There are two ways to break a TCP connection from forming. The first is resetting the connection - this is the same as the common "connection refused" message seen when connecting to a port nobody is listening to. In this case, the original SYN packet is answered with a RST packet, which terminates the connection immediately and is stateless. If the SYN is resent, RST will be generated from every received SYN packet.
The second is closing the connection as soon as it has been formed. On the TCP level, there is no way to close the connection both ways immediately - the only thing you can say is that "I am not going to send any more data". This happens so that when the initial SYN, SYN,ACK, ACK exchange has finished, the server sends a FIN packet to the remote end. In most cases, telling the other end with FIN that "I am not going to send any more data" makes the other end close the connection as well, and send it's own FIN packet. A connection terminated this way isn't any different from a normal connection where no data was sent for some reason. This means that the normal state tracking for TCP connections and the lingering close states will persist, just like for normal connections.
Now, on the C API side, this looks a bit different. When calling listen() on a port, the OS starts accepting connections on that port. This means that is starts replying SYN,ACK packets to connections, regardless if the C code has called accept() yet. So, on the TCP side, it makes no difference whether the connection is somehow closed before or after accept. The only additional concern is that a listening socket has a backlog, which means the number of non-accepted connections it can have waiting, before it starts saying RST to the remote end.
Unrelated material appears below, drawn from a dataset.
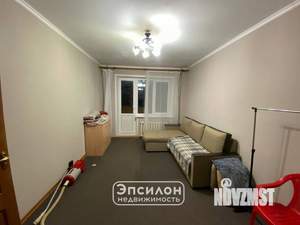2-к квартира, вторичка, 47м2, 4/9 этаж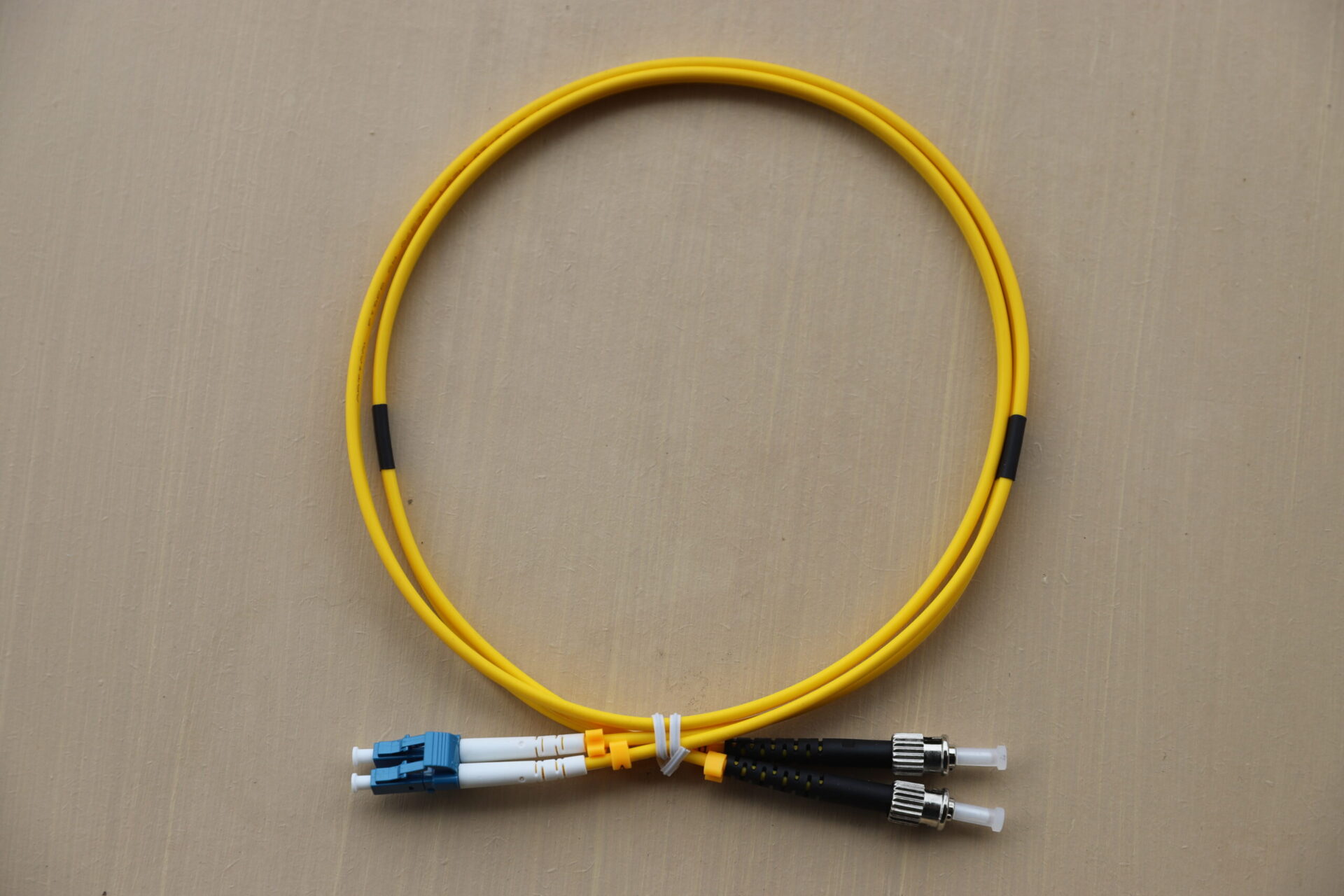 3M LC-ST SM DX PATCHLEAD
However, on windows, the SO_CONDITIONAL_ACCEPT call allows the application to take control of the backlog queue. This means that the server will not answer anything to a SYN packet until the application does something with the connection. This means, that rejecting connections at this level can actually send RST packets to the network without creating state.
So, if you cannot get the SO_CONDITIONAL_ACCEPT functionality enabled somehow on the socket you are using AcceptEx on, it will show up differently to the network. However, not many places actually use the immediate RST functionality, so I would think the requirement for that must mean a very specialized system indeed. For most common use cases, accepting a socket and then closing it is the normal way to behave.
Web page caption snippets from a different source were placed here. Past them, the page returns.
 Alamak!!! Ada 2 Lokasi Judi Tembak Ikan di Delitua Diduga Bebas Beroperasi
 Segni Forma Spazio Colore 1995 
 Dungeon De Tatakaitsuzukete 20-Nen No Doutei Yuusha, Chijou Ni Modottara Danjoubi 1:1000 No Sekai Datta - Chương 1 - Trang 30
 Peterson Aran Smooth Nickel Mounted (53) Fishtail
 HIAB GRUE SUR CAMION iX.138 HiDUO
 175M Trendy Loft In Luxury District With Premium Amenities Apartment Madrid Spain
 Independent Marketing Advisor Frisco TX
I can't comment on the Windows side of things but as far as TCP is concerned, rejecting a connection is a bit different than disconnecting from it.
For one, disconnecting from a connection means there were more resources already "consumed" (e.g. ports state maintained in Firewalls & end-points, forwarding capacity used in switches/routers etc.) in both the network and the hosts. Rejecting a connection is less resource intensive.